Je suis un pays, qui est fondé dans l’inégalité et l’exclusion d’une grande partie de la population et cela aune corrélation racial. Il y a eu un groupe de défavorisés, comme les afroperuanos et les indigènes, qui ont été considérés races inférieures, une manière de légitimer leur exclusion ou leur exploitation.

Dans notre pays, le ‘choleo’ et le racisme i sont enracinés parce que n’importe quel trait qui est identifié comme afroperuano et un indigène marque une personne comme inférieur. Cela peut changer, mais non du jour au lendemain. Cela n’est pas seulement résolu sur la base de mesures légales. Ce dont on a besoin en réalité est un changement culturel, depuis les écoles, aussi comme les médias, qui fortifient plusieurs fois des stéréotypes et des préjugés. La discrimination cause des dommages multiples dans la société, nous appauvrit comme pays, elle ne permet pas de reconnaître la valeur des personnes. Nous divise.

TENEZ EN COMPTE

– Le Deuxième Ministère public Provincial Corporatif du Callao a ouvert une recherche fiscale aux quatre impliqués dans les délits présumés de violence contre la Police et la résistance à l’autorité à La Pointe. Ils ont une comparution restreinte.

– Sur l’agression de Zuleika du Chapelet Alatrista Andía à Elena Visa Choquecondo, elle se soigne des lésions légères. La peine dans ce cas n’est pas mineur de deux ans ni supérieur à cinq ans.


2 réponses à “

La discrimination raciale, un malheur quotidien dans la société péruvienne

  1. En cuanto a las otras frases que son motivo de odios y discriminaciones absurdas.Es importante saber y reconocer que a las personas no se les califica por el color de su piel, por su condicion socioeconomica , su religion o su belleza fisica. En realidad SON LOS ACTOS DE ESTAS PERSONAS LAS QUE LA CALIFICAN COMO BUENA O MALA. Quien piensa lo contrario esta viviendo en una completa ignorancia, negandose el derecho a usar su inteligencia para culturizarse y educarse.

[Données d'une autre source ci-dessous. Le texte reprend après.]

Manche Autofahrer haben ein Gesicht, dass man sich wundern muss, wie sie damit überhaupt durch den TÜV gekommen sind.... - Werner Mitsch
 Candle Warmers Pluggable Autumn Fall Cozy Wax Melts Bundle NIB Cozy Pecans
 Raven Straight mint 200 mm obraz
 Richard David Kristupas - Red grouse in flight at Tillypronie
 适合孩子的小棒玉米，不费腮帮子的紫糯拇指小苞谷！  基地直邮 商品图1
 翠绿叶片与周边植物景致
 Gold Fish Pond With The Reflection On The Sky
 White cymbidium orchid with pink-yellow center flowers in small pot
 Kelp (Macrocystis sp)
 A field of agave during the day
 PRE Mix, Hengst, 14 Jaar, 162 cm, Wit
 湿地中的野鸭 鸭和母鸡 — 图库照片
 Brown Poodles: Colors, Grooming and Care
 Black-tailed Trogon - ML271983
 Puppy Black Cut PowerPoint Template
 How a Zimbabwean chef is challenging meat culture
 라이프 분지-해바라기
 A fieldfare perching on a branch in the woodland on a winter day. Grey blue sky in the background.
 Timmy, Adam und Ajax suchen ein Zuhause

  2. Lo que el pueblo peruano debe saber y tener bien en cuenta es que: Se habla de indio cuando se hace referencia a un habitante de la India, el país asiático. Quien comenzó con la confusión (entre saqueos y genocidios) fue Cristobal Colón, quien como todos sabemos llegó a América por error mientras buscaba una ruta alternativa para llegar a las indias orientales.
    Asi que la palabra INDIO en nuestro pais no debe tomarse como un insulto por que es la manera en que se les llama a las personas nacidas en el pais de La INDIA. Y la palabra INCA es él nombre de los soberanos que gobernaron el Perù, en la época Incaica. Como en todo el mundo los administradores eran apodados colectivamente collana y sus sirvientes payan (y los no incas cayao). Como podemos ver la otra frase muy usada para insultar o menospreciar en nuestro pais es « CHOLO » ( y es usada sobre todo entre la misma gente de la sierra), Esta frase la comenzaron a emplear a partir de la llegada de los espanoles al Perù, ya que se comenzo a « mestizar » la poblacion. El casamiento de un mestizo (padre espanol y madre peruana) con una mujer 100% peruana, entonces sus hijos eran llamados « cholos », entonces no existe razon alguna para sentirse ofendido con esta frase. El problema esta en la IGNORANCIA de la gente, que la emplea como insulto y en la gente que la toma como tal. POR ESTA RAZON EL GOBIERNO PERUANO EN VEZ DE PERDER EL TIEMPO CREANDO LEYES ABSURDAS QUE SOLO INSENTIVA MAS EL RACISMO DEL PUEBLO. DEBERIA DE EDUCAR, CULTURIZAR AL PUEBLO PARA QUE CONOZCA BIEN SUS RAICES Y APRENDA A RESPETARSE Y AMARSE ASIMISMO Y HACER LO MISMO CON SU PROJIMO.Nuestro pais tiene muchas cosas maravillosas e importantes de nuestra historia, de nuestros antepasados que se deben mostrar por todos los medios de difusion, escrita y hablada para que el pueblo peruano aprenda a valorarse y conserve con orgullo las buenas obras de nuestros ancestros.